Call me a cynic, but I see it more like aiding continued extortion by CAs. Yes, it's nice to get rid of SSLv2, but most user-noticable changes will be draconian scare-the-living-bejeezus-out-of-the-user rendering effects in case of slightest non-compliance with the X.509 PKI model.
For instance, this blog will be one hell to read, because
1. name mismatch between the https links and the certificate
2. no signature chain from a trusted root

Your readers will have the url displayed on red background and have to go through a lot of scary warnings, before accessing the root.

Also, I am curious, how they are planning to live up to their promise of rendering insecure content embedded in secure pages (images, etc) differently: what if the stylesheet is thhe insecure embedded content? You can achieve pretty much any visual effect using the stylesheet, after all.

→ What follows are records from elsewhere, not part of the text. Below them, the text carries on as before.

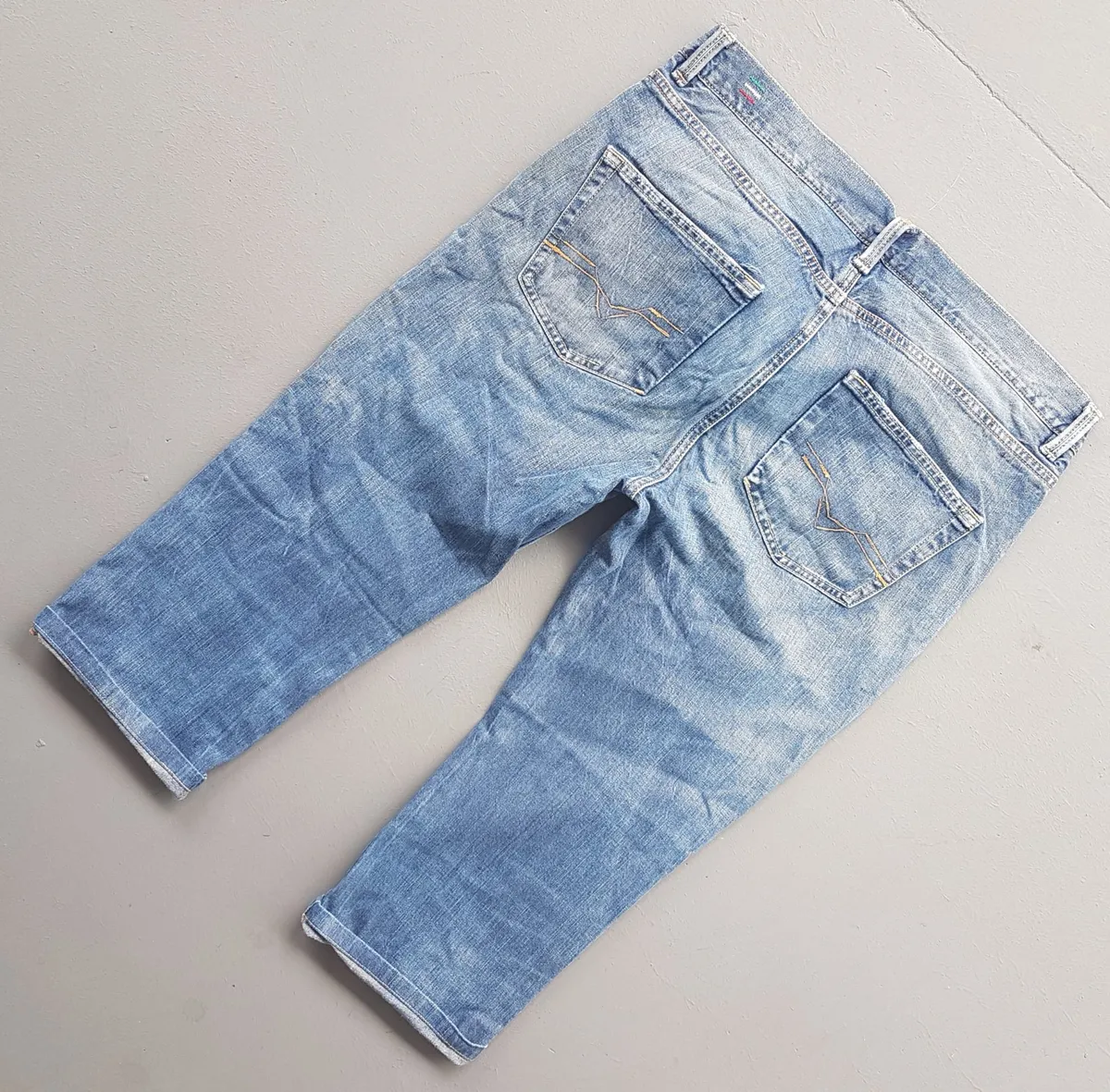 DIESEL Vintage Diesel Industry Denim Jeans, Original DIESEL Denim Shorts, Made in ITALY, Retro Selvedge Design, Cool W31 Bottoms, Cosmopolitan, Sophistication, Nostalgic Apparels, Timeless Appeal, Pop Culture, Hip Hop, Rock Star, Cult Street Fashion - Photo 7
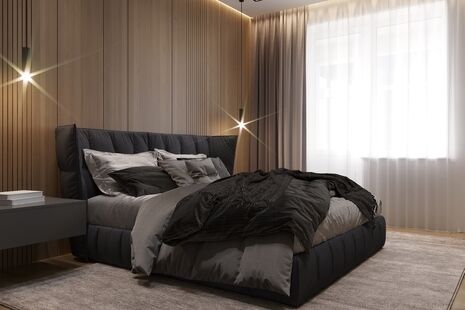 Фото № 4: Дизайн-проект двухкомнатной квартиры 85.91  м² Стиль Модернизм для ЖК Балаклавский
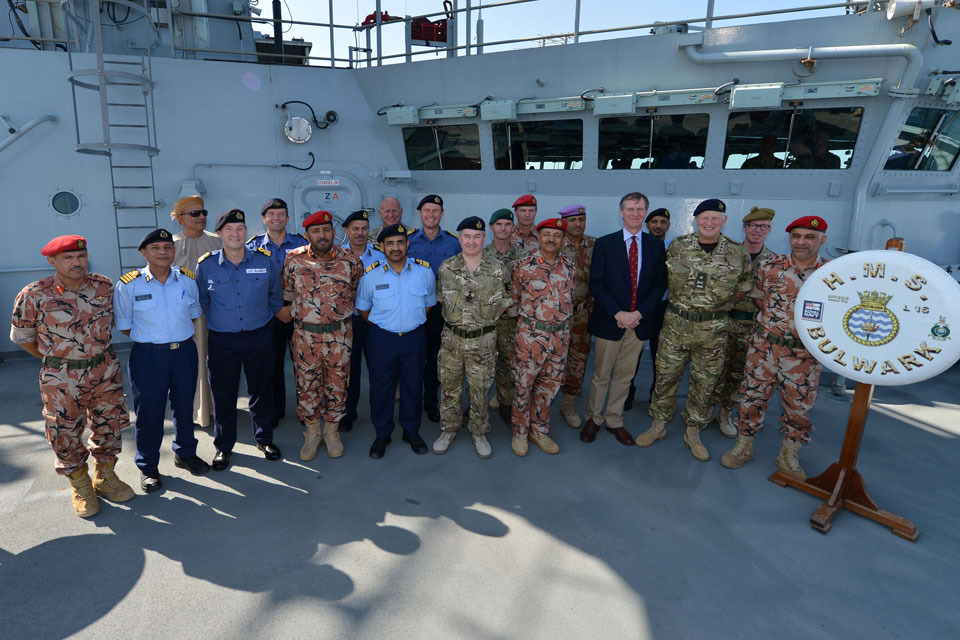 Royal Navy and Omani Navy in a joint naval exercise. - GOV.UK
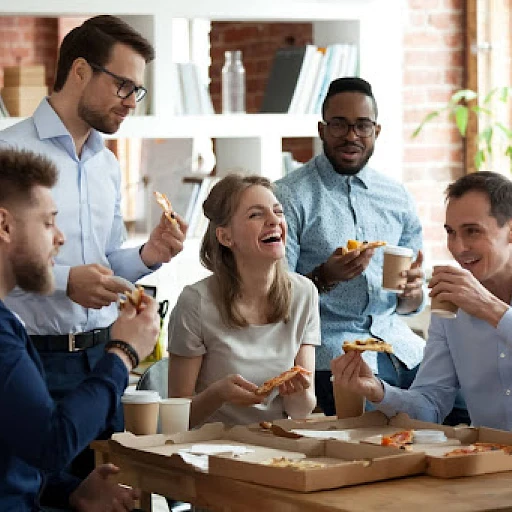 coworkers enjoying company culture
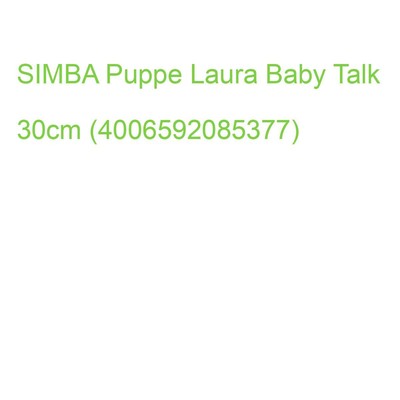 SIMBA Puppe Laura Baby Talk 30cm (4006592085377) (105140020)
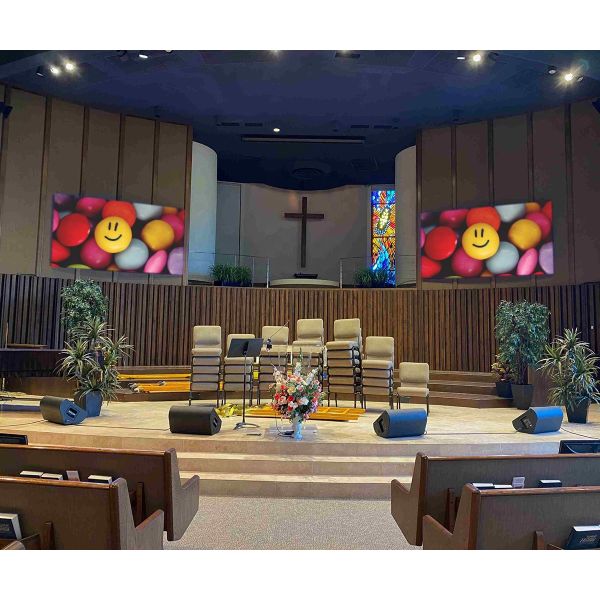 480x480 P3 LED Display Screen CNC Indoor LED Video Wall Cabinet 240x240mm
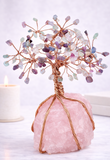 White Whale Tree Reiki Healing Crystal Gems Spiritual Feng Shui Vastu Table Décor
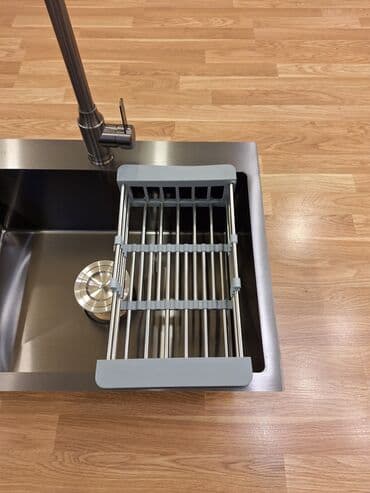 rakvinlər: Yeni Kvadrat Mətbəx çanağı, Paslanmaz polad, Pulsuz çatdırılma — 3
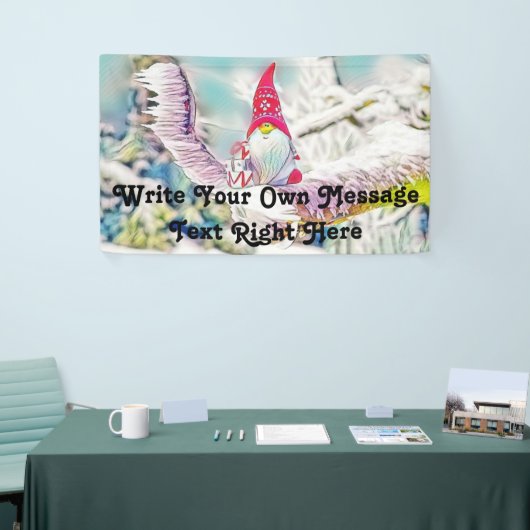 Gnome in der Schneewasserfarbe Banner (Messeveranstaltung)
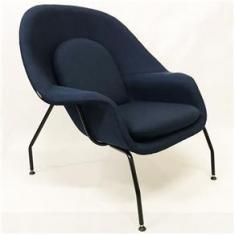 Imagem de Poltrona Womb Chair linho  marinho base  - Poltronas do Sul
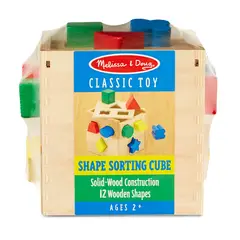 MELISSA & DOUG - Juguete de Bebé Cubo Madera Clasificación Formas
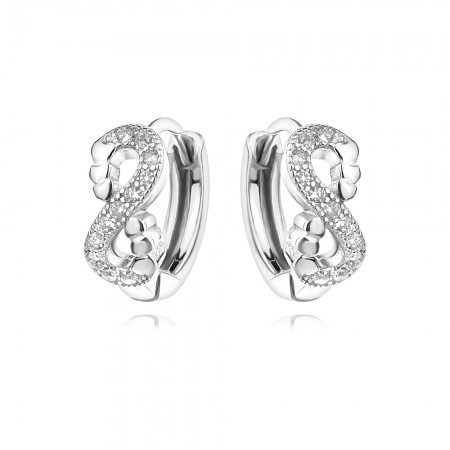 Сребърни обеци Finity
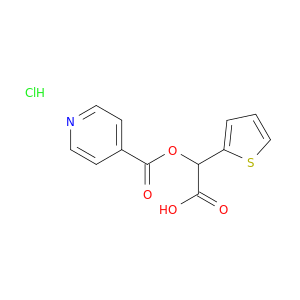4-Pyridinecarboxylic acid, carboxy-2-thienylmethyl ester, hydrochloride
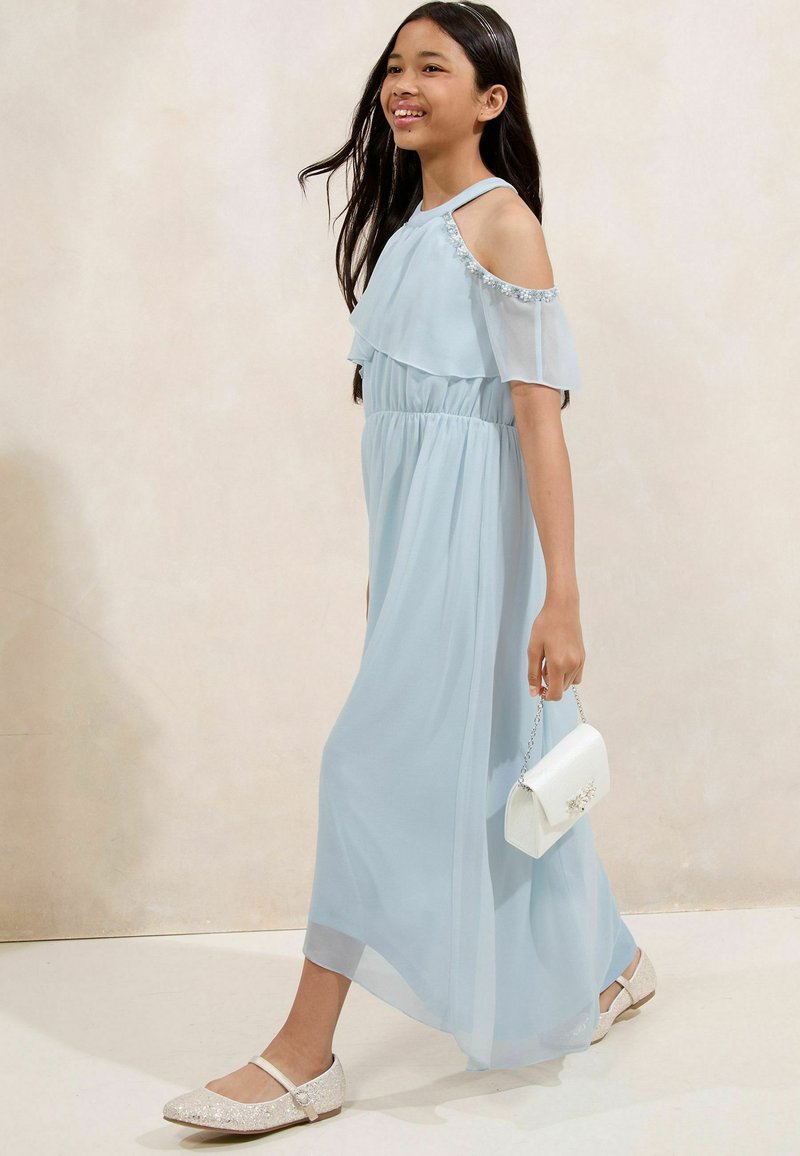 sachin and babi light blue dress lipsy multiway midi chiffon dress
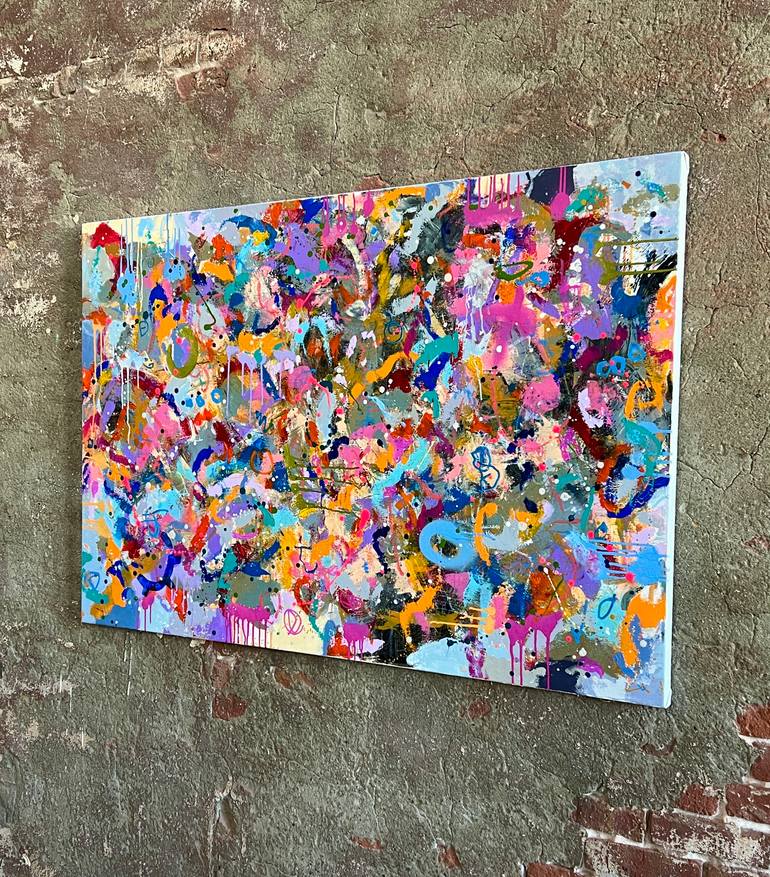 Original Abstract Expressionism Abstract Painting by Jeffrey Tover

Posted by Daniel A. Nagy at October 25, 2005 07:51 PM

Stimulated by your on-going crusade, I decided to turn off ssl v2 in my browser -- Galeon. I couldn't find any option to do so. In fact, I couldn't find any option to configure *any* security features of any kind. Finally I learned that you can type "about:config" into the URL field to see the current config. Browsing through it, I found that ssl v2 was already disabled, as was md5 and any algorithm with < 128 bit key sizes.

Posted by Z at October 26, 2005 11:09 AM

The webpages for Wells Fargo customer account activity still contain links to other https sites. Now this is a https link to some image on akamai.net - a few months ago this was a https link to something invisible on ad.doubleclick.net. It really bothers me that MY browser contacts these other organizations when it displays an account activity page. I am shocked to see this not generate an error in my browser. My browser complains if a https webpage contains an image coming from any HTTP link (even one at Wells Fargo), but it allows images without complaint from anywhere on internet if the image is HTTPS.

Will these proposed IE7 changes put an end to this behavior? I'm not sure what my fear is here - my bank can give out all my information to everyone anyway. I'd just like assurance that my yellow https address bar tells me *everything* is coming from *that* website, encrypted.